Conjura en movimiento
Virtuosos de la Escuela de Bolonia
La desconfianza reina entre los togados. Las gentes buenas, el hombre que estudia o que trabaja, que conoce de la evolución de la política por las noticias de prensa, considera que las bases de la democracia son firmes y se fundamentan en la división de poderes, como ocurre en casi todas las naciones, incluso en las que tienen gobiernos autoritarios de facto o que se disfrazan con el barniz electoral para justificar sus desmanes contra la libertad. En Colombia, una democracia imperfecta, en constante evolución y sometida a lo largo de su existencia a la prueba de fuego de los violentos se sustenta el poder mayoritario en función del ejercicio ciudadano del derecho a elegir o ser elegido, que se expresa en las urnas. Esa es nuestra democracia, en donde se supone que los poderes Ejecutivo, Legislativo y Judicial le sirven al Estado, junto con los organismos de control, para realizar su gestión, según lo dispone la Constitución.
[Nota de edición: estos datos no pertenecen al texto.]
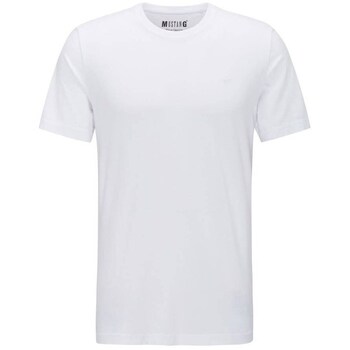 Mustang T-shirt Korte Mouw  10061692045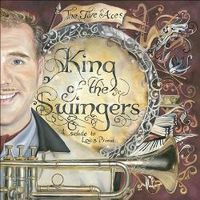 King of the Swingers: A Salute to Louis Prima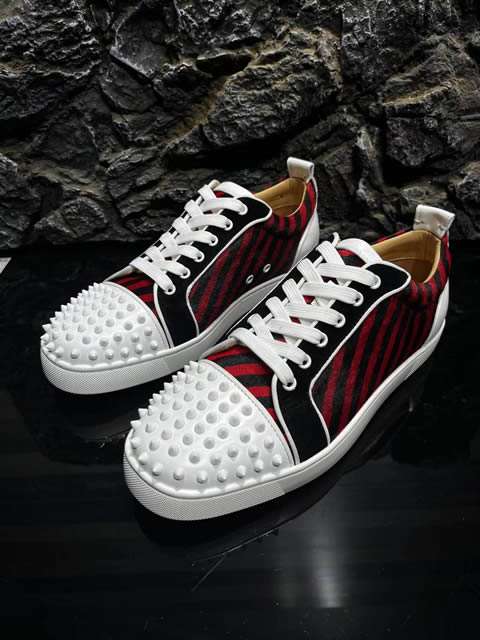 Replica Christian Louboutin Men Shoes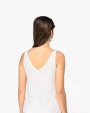 T-Shirts personnalisable SPASSO Débardeur en lin femme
Por su parte, las Fuerzas Armadas, que no son deliberantes, menos aún en un país amenazado por los terroristas en la zona periférica y, ocasionalmente, en las grandes urbes, vigilan que no se repita de improviso un intento de asalto al Palacio de Justicia u otra institución, que ponga en jaque al sistema. En Colombia las elecciones se efectúan a normalmente, el voto se respeta y se combate el fraude. Acosados militarmente los subversivos de las Farc, despachados varias docenas de sus jefes al otro mundo y empujados a sus madrigueras o exilados en terceros países, en los que curan sus heridas para eludir una inevitable aniquilación en combate, prefieren negociar en La Habana, a sabiendas que la izquierda ha llegado al poder por el voto en casi toda Hispanoamérica, en tanto los alzados en armas generalmente son derrotados militarmente. En otros países bombardeados por las potencias o en conflicto bélico interno, mediante la guerra insurreccional avanzan con singular potencia las milicias y las turbas armadas, dejando en ruinas el terruño, desgarradas las comunidades, al tiempo que crece el desangre en el que se ahogan hasta las esperanzas.
La relativa tranquilidad que se goza en las grandes urbes colombianas, como la lealtad de los soldados a la democracia, determina que la sociedad duerma tranquila a la espera de que se firme el acuerdo de paz en La Habana. Todo ello sin que la ingenua opinión pública tenga, en apariencia, motivos de preocupación, pueda gritar gol y festejar el Mundial en Brasil, sin sospechar que desde las mismas instituciones se pueda estar gestando una suerte de golpe de Estado, cuyas ambiciones y objetivos a corto y largo plazos apenas se atisban. Se dice que el instrumento de la conjura es un locuaz y conocido abogado aprendiz de Catilina enquistado en el Poder Judicial. La informada periodista María Isabel Rueda, prende el avispero cuando señala: “Sorprende mucho que el ponente que hoy plantea anular la reelección del procurador Alejandro Ordóñez, magistrado Alberto Yepes, hubiera proyectado en mayo, hace escasos dos meses, una ponencia en la que decía absolutamente todo lo contrario: que como la reelección del procurador no está expresamente prohibida por la Constitución, se entiende que está permitida. Según dice él, y hay que creerle, fue producto de sus propias convicciones. ¿Pero darle una vuelta de 180 grados? Si en la primera ponencia estaba tan equivocado, ¿puede que también lo esté en la segunda?”.
En los círculos mejor informados de la magistratura se habla en voz baja de un asalto al poder que comenzaría con la toma de los organismos de control, sin que ninguno se atreva a hablar por teléfono del asunto, dado que los aparatos están chuzados, quizá por elementos comprometidos en la conjura que opera desde otras esferas del Estado. La desconfianza y la preocupación reinan entre los togados. La táctica es la misma que urde la izquierda derrotada electoralmente en Italia, la que se acuartela en la Universidad de Bolonia, desde donde sus teóricos predican que se deben tomar los organismos judiciales y culturales para derrotar el poder político. Es la conjura que deriva en un sibilino golpe de Estado, que de manera magistral termina por convertir al otrora Berlusconi, prepotente e invencible electoralmente, en frustrado animador de ancianos olvidados por sus familias en hogares estatales.
Los conjurados deben ser osados al impedir que se reúna la sala plena del Consejo de Estado o el Congreso, cuya potestad asaltan por sorpresa, dado que por la Constitución le compete nombrar al procurador. Luego se trataría de dejar un hecho cumplido al presidente Santos, disfrazar de legitimidad el golpe de Estado y colocar allí una ficha. Es un insulto a la democracia colombiana, que no avala esas conjuras y que no va a permitir que tres o cuatro magistrados o un par de conjueces descalabren la división de poderes y la democracia.